What to work on - Leave out the pictures and output exactly the lines below from the one with "Deep Black Pearl" down to the one with "100 DAVID GRAY, Saint Leonard, MD 20685", both of them included.

Material for the task -
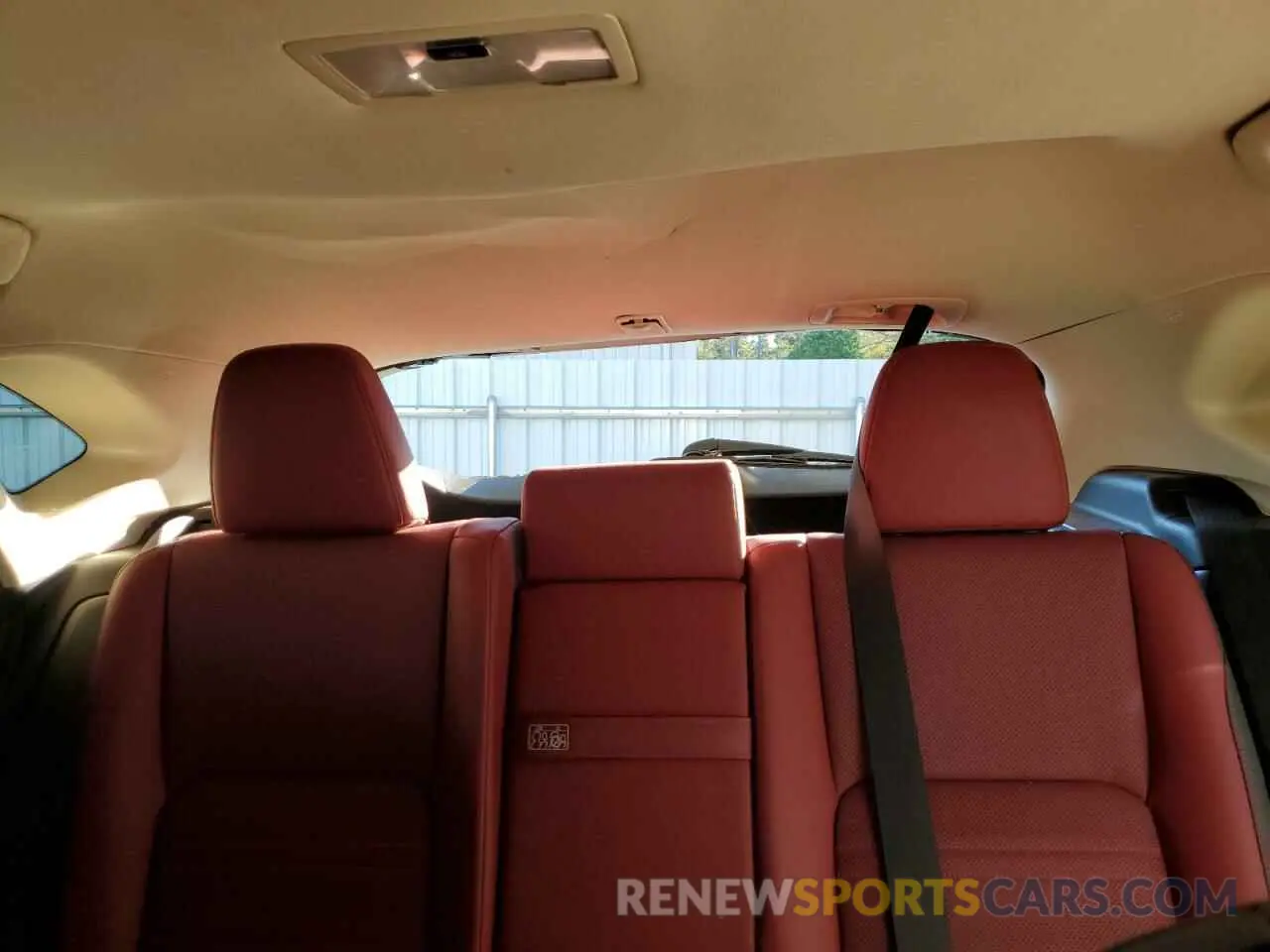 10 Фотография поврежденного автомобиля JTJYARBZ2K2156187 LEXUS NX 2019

---

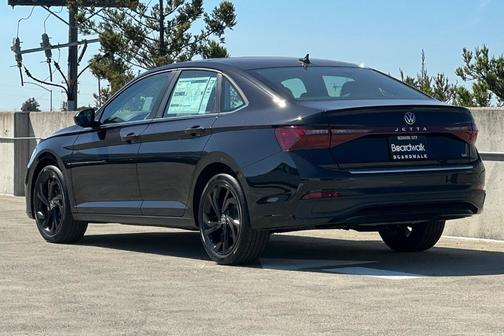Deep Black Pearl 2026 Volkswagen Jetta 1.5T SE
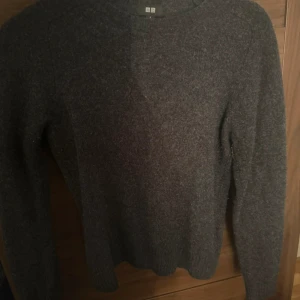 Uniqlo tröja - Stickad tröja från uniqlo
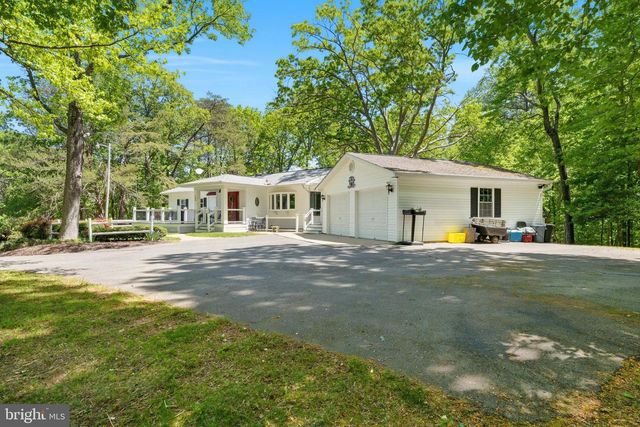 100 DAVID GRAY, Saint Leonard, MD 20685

---

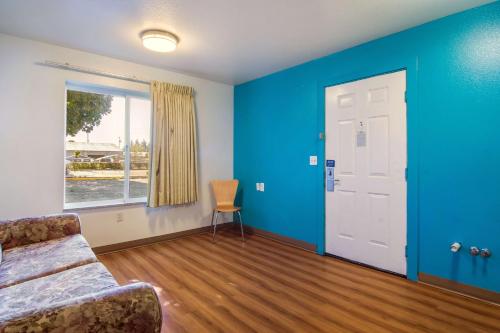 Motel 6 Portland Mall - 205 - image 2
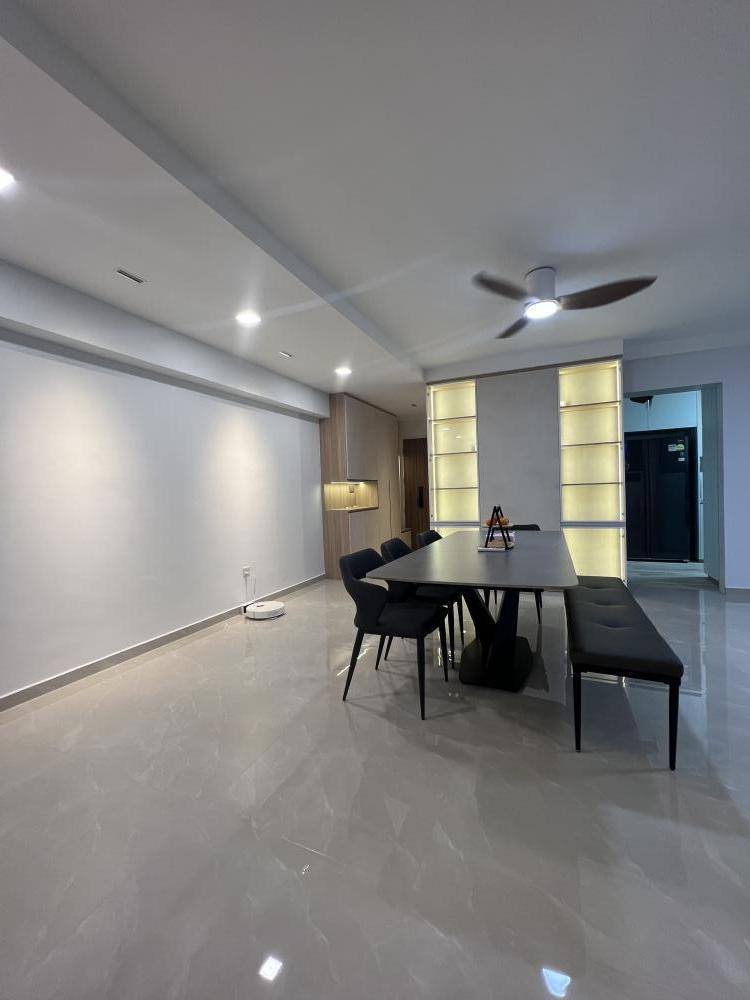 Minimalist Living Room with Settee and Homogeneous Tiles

Response area -
Deep Black Pearl 2026 Volkswagen Jetta 1.5T SE
 Uniqlo tröja - Stickad tröja från uniqlo
 100 DAVID GRAY, Saint Leonard, MD 20685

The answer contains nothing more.